On the 28th June, Mr W. F. Swan was ordained pastor of the United Presbyterian Church, Comrie, Perthshire; Messrs A. Russel, Newburgh, Alexander Young, Logie Almond, James Smith, Dunning, and John Lamb, Errol, officiated.

OBITUARY.

REV. JAMES M'GEOCH.-We copy from the Dumfries Courier the following tribute to the memory of the late Mr M'Geoch, whose death we announced in last Number of the Magazine :-"Our obituary of last week contained the name of an honoured and useful member of society, whose exit from this scene justly warrants an honest tribute to his memory. We allude to the late Rev. James M'Geoch of the United Presbyterian Church, Moniave, who died here on Monday the 7th August, in the thirty-first year of his ministry. Possessing natural parts of a high order-quick in his perceptions, of a clear judgment, comprehensive in his views, and endowed with a memory at once retentive, capacious, and ready-he had by assiduous culture prepared himself for a life of unobtrusive but decided and long-continued usefulness. Keenly observant, given to meditation, and fond of reading, he had acquired a vast share of information, and was characterised by a measure of sagacity which is rare. His natural disposition and moral feelings were in fine harmony with his well-balanced intellect. Of a large heart, full of affection and benevolence, he delighted in seeing and in making others

happy. He was eminently a lover of peace and of good men, and at the same time distinguished for faithfulness to his peculiar religious profession. He was truly a good man and full of faith. Few characters have so strikingly displayed the wisdom of the serpent in union with the harmlessness of the dove. That he was a diligent student of the word of God, his discourses from the pulpit plainly declared. For nothing was he more distinguished as a preacher than for apposite citation of Scripture, whether for the sake of proof or illustration, whether for instruction or warning, for exhortation or encouragement. If not signalized by the frequent exhibition of striking remark, or expanded illustration, or impassioned eloquence, his own clear conceptions of divine truth were expressed in the most lucid order, and in a style at once clear, elegant, and classical. With much discrimination, he separated what

was merely circumstantial from what was essential to his subject, and by a few masterly strokes set before his hearers a vivid portraiture of his own mind. As a pastor, he cared with affectionate earnestness for the whole flock, but especially for the aged and infirm, for the poor and the dying. Nor did he restrict his pastoral care to his own congregation, but was ever ready to counsel, to comfort, and to pray with the afflicted of all denominations. And he did not withhold the hand of charity when he saw that pecuniary aid was needed. Considering his means, his benefactions were indeed large; but they were exercised so much in the spirit of christian beneficence, that it was not till after his decease they became generally known, and by means of those who were the recipients of his bounty. Such men are blessings to society while they live, and, in their excellent example, leave to survivors a precious inheritance.

Monthly Retrospect.

THE PROPOSED NEW MARRIAGE LAW FOR SCOTLAND.
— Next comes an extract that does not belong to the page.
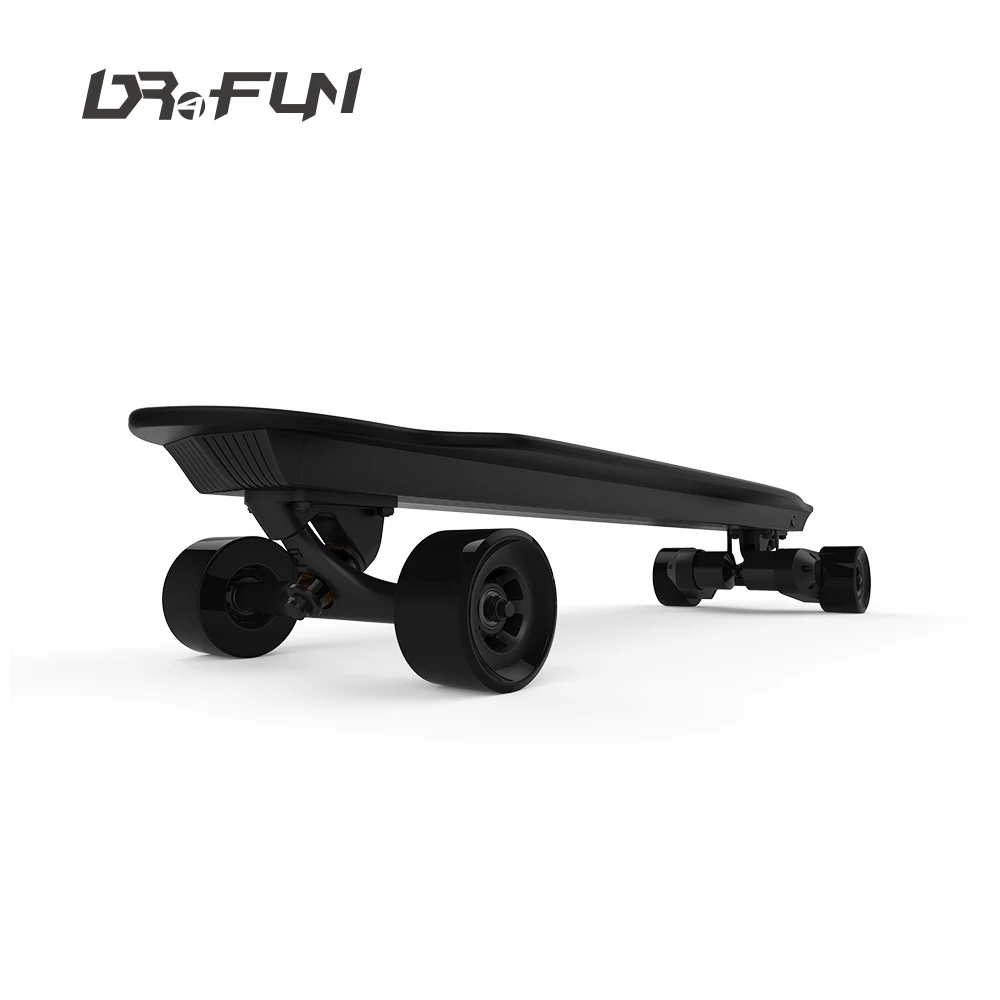 2018 Wholesale Longboard Highway 4wd 8700RPM 45KM/H Speed Quick Charge Fastest Mountain Electric SkateBoard With 90CM Big Wheel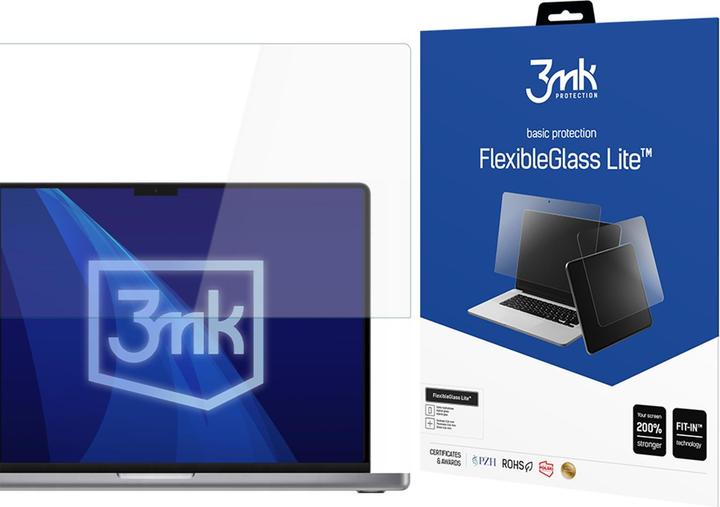 3MK Szkło hybrydowe FlexibleGlass Lite do Apple Macbook Pro 16 M1/M2/M3/M4 (16")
AMONG other measures crowded out at the close of the session of Parliament just concluded, is one of some importance to ministers in Scotland, as affecting their liabilities in the discharge of a particular function of their office, and to the people at large, as bearing on public convenience and public morality. We refer to two bills which have passed the House of Lords, and have been under discussion in the Commons, altering in some particulars the law of marriage in Scotland. The first, intituled “An act to amend the law of Scotland, affecting the constitution of marriage," would provide that marriage shall be contracted only in one of two ways; (1) By solemnization in presence of a clergyman, corresponding with the form pursued under the existing law in contracting a regular marriage; or (2) By registration in a public record, after due notice given and proclaimed. A clergyman, by which term is meant the minister or pastor of any religious society, shall not, if this law pass, be permitted to solemnize marriage, unless one at least of the contracting parties have resided for fourteen days in the parish in which the ceremony is performed; or shall have been for fourteen days a member of the church in which the minister performing it officiates; or, until such minister be duly certified that notice of the intended marriage has been given to the registrar seven clear days before hand. In a second

bill, intituled "An act for registering births, deaths, and marriages in Scotland," it is provided that the officiating clergyman shall be required, under a penalty of forty shillings, to send to the registrar by post, notice of every marriage he solemnizes, and that such notice shall be sent within ten days after the solemnization. The bills contain numerous minuter provisions, carrying out these principles.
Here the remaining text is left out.